Relationship between a numerical and a categorical variable

The previous page showed that the marginal relationship between two numerical variables, X and Y, can be very different from their conditional relationship for specific values of Z. The same can happen when X is a categorical variable.

Marginal and conditional relationships

When X is categorical (splitting the data into groups), there are again two different types relationship between Y and X, depending on whether or not we make use of a third variable, Z.

Marginal relationship
This is the observed relationship, ignoring any additional information that is available. The relationship can be summarised by the means of Y for the different groups (values of X).
Conditional relationships, given Z
These conditional relationships are described in the same way as the marginal relationship above, but are based on a subset of individuals with a particular value of Z.

The marginal relationship can again be very different from the conditional relationships, even changing 'direction'. This will be clearer in an example.

If the existence of a lurking variable Z is not recognised, the relationship between Y and X may be misrepresented.


Weights of fur seals

In 2012, a marine reserve was created. The diagram below shows the weights (kg) of seals that were observed along a coastline bordering the reserve in March 2013 and March 2014. In the notation above, the seal weight is Y and the year is a categorical variable, X.

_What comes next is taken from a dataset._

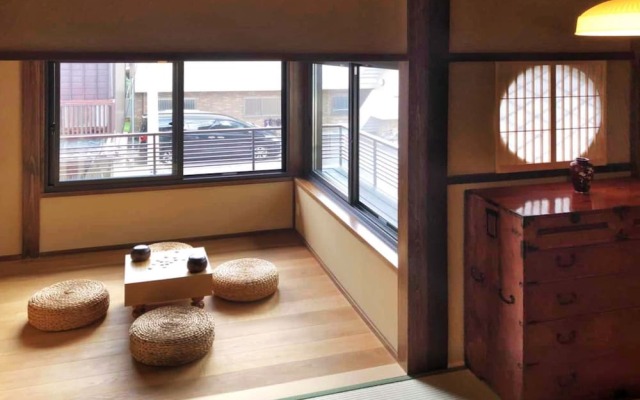 Kouhaku Kyomachiya Daitokuji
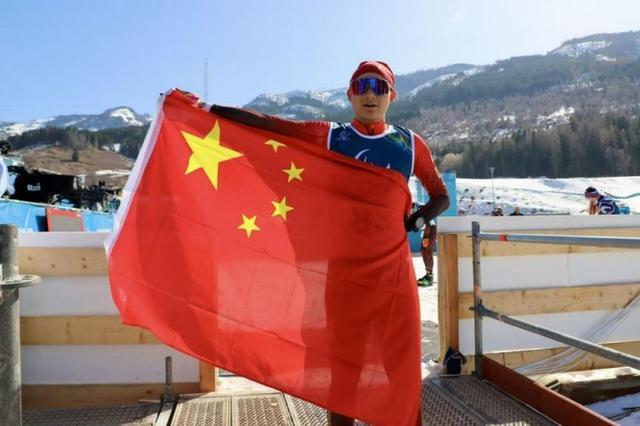 c7娱乐下载-蔡佳云斩获米兰冬残奥会中国代表团首金！｜米兰冬残奥会特别报道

Since the mean weight is lower in 2014, it is tempting to conclude that seals are smaller in 2014 than in 2013. (This is the marginal relationship between seal weight and year.)

Click the checkbox Slice. The seals were observed in four different colonies and colony is a categorical lurking variable. The diagram now shows seal weights from one colony, a conditional distribution. Drag the slider and observe that the mean weight of seals actually increased within each colony.

Marginal relationship between weight and time
In 2014, the ecologists had decided to collect more information about colonies containing immature seals. Since more seals were sampled from the colonies containing smaller seals, the overall mean was lower in 2004.
Conditional relationship for each colony
The increase in mean size in individual colonies is a better indication that the seal sizes have increased — in each colony, the seals appear to be bigger.

Although seal weights increased in all colonies in 2014, more seals were sampled from colonies containing smaller seals, so the overall (marginal) average seal weight decreased.